Man that Hart-Parr looks to be in good shape sheet~metal & appearance wise. Looks like 1 front tire might be turned out more than the other but that could be an illusion from the grass.


----------



## bear (Oct 20, 2003)

this ones a keeper it seems to be in fairly good shape for sitting outside the last 50 or so years heres the other side never noticed the front wheels crooked, good eye johnbron. will be picking it up next week will be able to tell for sure then


----------



## bear (Oct 20, 2003)

both wheels were turned and the steering shaft was seized in the holders. made for some interesting loading but we got it. had a couple snatch blocks so we could skid it sideways on the deck to keep it centered. its on the deck here dad is just resetting the winch line


----------



## bear (Oct 20, 2003)

*update*

took the steering box apart back in november and got it all freed up. put it back in and steered it into the shop, back in a corner on the unheated side. took the mag and oiler off and into the warm side. i went through the mag and now it has good hot spark oiler all seized up and soaking in pail of old deisel fuel. that brings us up to yesterday inbetween coats of paint on the mm z i got the head off and the connecting rods undone so i can lift the cylynders off. head has no cracks but needs 2 intake and 1 exhaust valve need to make those one of these days. going to shorten some jd d valves and turn a new keeper groove in them. thats about all for now will keep you posted on how things are going


----------



## bear (Oct 20, 2003)

i had all that typed above before i realized i clicked the wrong place to post pics and i didn't want to type that all again.
heres the cylynders ready to lift off


----------



## bear (Oct 20, 2003)

crankcase cover off and brg caps removed. brgs look like they are fairly new and crank measures good just needs rust polished off


----------



## bear (Oct 20, 2003)

try again


----------



## aegt5000 (Feb 22, 2004)

Looks like the cylinders are in the horizontal plane.
Does the spark plug really screw into the side of the
cylinder or is it just sitting there while you work on
the engine.


----------



## bear (Oct 20, 2003)

thats the way it sits in the tractor. ran into a snag however the crank won't turn even with the rods undone and its in just the wrong spot. the rod won't get by it and out of the crankcase, so i'm going to have to try to get the piston to move ahead or the crank to turn. i think the clutch is seized and there is likely ice in the transmission not letting it turn. thats what i'm hoping anyway. it needs to come off to get the pistons out and fix the left side cylynder it is pitted real bad. if the piston is bad then cylynder gets bored and oversize piston put in if the piston is good i'll bore the cylynder and make a sleeve for it


----------



## bontai Joe (Sep 16, 2003)

I am amazed at how good the engine looks. I've never had a chance to work on anything close to being that old, and would have guessed that everything would be totally rusty. Your pics are kind of inspirational in showing the internals in such good shape. Thanks for documenting this for us.


----------



## bear (Oct 20, 2003)

got the cylynders off today heres a shot of the crankcase with pushrods still attached


----------



## bear (Oct 20, 2003)

took cylynder in the shop and hung it from the hoist. put some kroil in the cylynders and within 1/2 hr one piston was out. rings are stuck but doesn't look like any are broke


----------



## jodyand (Sep 16, 2003)

Just cant beat kroil for work like that. Glad to see your coming along with it .


----------



## Ingersoll444 (Sep 17, 2003)

Looks like you need some heat in that garage. Is that frost on that motor?? 

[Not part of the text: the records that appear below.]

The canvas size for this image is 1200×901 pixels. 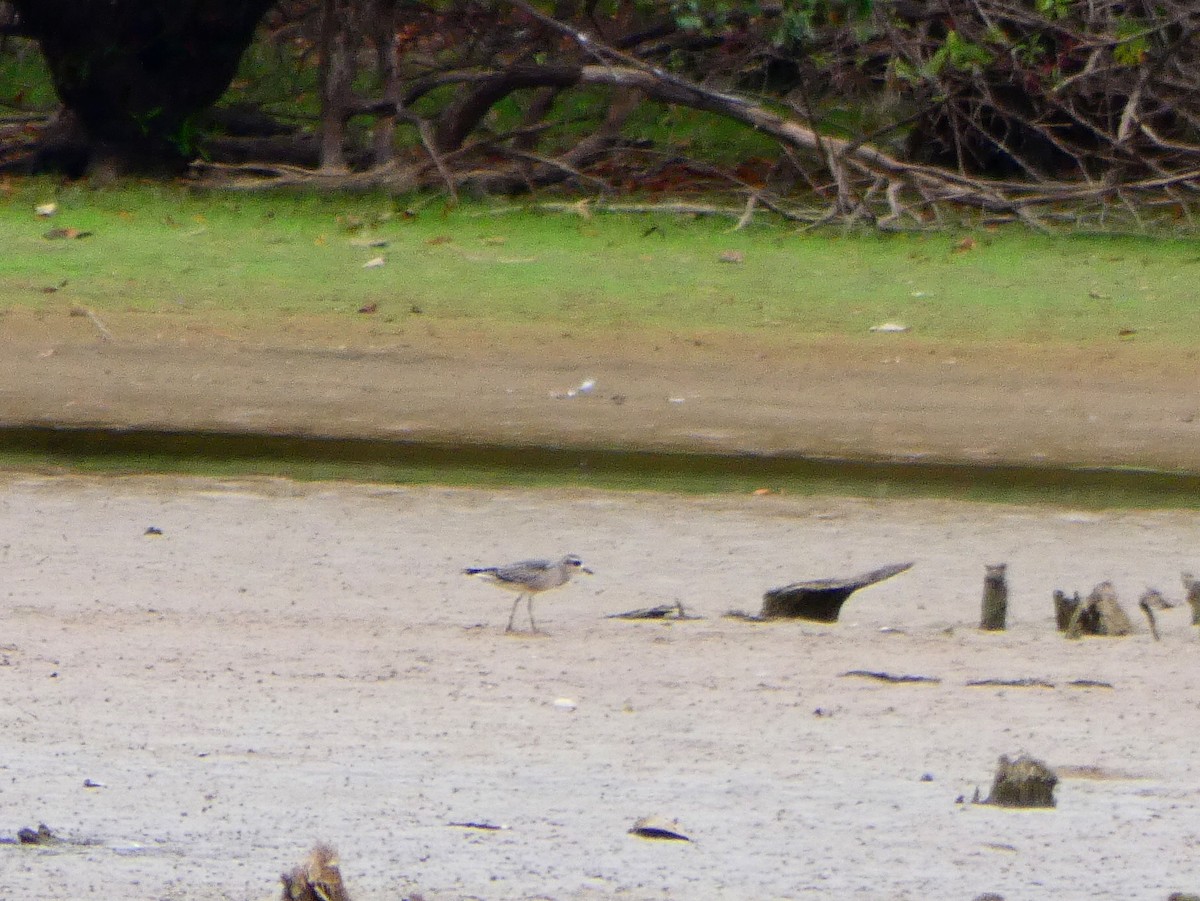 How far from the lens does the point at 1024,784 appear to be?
146 inches

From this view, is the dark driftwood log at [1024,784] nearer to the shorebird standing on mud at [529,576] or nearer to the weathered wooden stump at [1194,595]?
the shorebird standing on mud at [529,576]

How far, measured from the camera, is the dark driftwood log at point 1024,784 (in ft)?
12.1

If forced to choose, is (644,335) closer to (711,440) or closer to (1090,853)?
(711,440)

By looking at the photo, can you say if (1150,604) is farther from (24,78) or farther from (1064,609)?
(24,78)

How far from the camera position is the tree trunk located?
1386cm

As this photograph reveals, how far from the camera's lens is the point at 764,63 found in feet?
46.3

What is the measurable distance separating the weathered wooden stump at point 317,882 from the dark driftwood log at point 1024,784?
1.34m

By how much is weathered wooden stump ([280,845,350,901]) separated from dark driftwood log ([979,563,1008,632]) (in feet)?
10.0

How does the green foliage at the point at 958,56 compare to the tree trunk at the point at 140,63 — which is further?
the tree trunk at the point at 140,63

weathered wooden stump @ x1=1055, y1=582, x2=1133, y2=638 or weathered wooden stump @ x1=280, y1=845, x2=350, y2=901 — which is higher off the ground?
weathered wooden stump @ x1=280, y1=845, x2=350, y2=901

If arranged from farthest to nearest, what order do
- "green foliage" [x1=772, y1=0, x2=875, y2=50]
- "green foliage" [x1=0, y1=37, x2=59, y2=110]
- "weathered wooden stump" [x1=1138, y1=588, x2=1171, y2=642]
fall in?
"green foliage" [x1=0, y1=37, x2=59, y2=110] → "green foliage" [x1=772, y1=0, x2=875, y2=50] → "weathered wooden stump" [x1=1138, y1=588, x2=1171, y2=642]

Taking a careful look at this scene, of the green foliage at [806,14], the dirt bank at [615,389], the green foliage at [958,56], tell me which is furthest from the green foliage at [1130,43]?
the dirt bank at [615,389]

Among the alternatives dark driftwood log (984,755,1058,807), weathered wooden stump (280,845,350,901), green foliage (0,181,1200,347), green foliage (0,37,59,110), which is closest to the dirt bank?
green foliage (0,181,1200,347)

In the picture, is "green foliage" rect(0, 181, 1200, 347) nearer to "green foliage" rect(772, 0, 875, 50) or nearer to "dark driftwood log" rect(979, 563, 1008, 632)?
"green foliage" rect(772, 0, 875, 50)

That is one cool looking motor. That will be an intresting tractor to use I bet when your done.


----------



## bear (Oct 20, 2003)

the tractor is on the unheated side of the shop we just take off the parts and carry them into the heated part to work on yesterday made 30 degrees so it wasn't to bad working out there at all


----------



## Live Oak (Dec 22, 2003)

> _Originally posted by bear _
> *when buying the latest cat the owner asked if we were interested in any other old tractors he took us out and showed us this one and a jd a. add 2 more to the list of tractors to pic up *


Are those road bands piled up to the right of the tractor Bear? Nice find! :thumbsup:


----------



## bear (Oct 20, 2003)

those are old diamond harrows to the right of the tractor i left them for the scrap man


----------



## bear (Oct 20, 2003)

i've got the valves made and put the head together it ready to go on. finally got the other piston out yesterday let it soak overnight should be able to get the rings unstuck today and try to clean up the cylynders as best as possible then decide wether or not to bore it and put in a sleeve


----------



## Big Allis (Nov 24, 2003)

looks like things goin good on tht hart parr bear :thumbsup:


----------



## bear (Oct 20, 2003)

i'm going to bore both cylynders and put sleeves in will have to turn the pistons to true them up to. its all apart so it might as well be done right. attached pic is of pressing the stubborn piston out. i took some of the cylynder but they didn't turn out can't see the damage in there


----------



## catmando (Dec 18, 2004)

*Thanks for Sharing in Your Labors*

With all the pictures and explainations it is like I am there in the shop with you. Thanks for the exciting blow by blow account of the restoration!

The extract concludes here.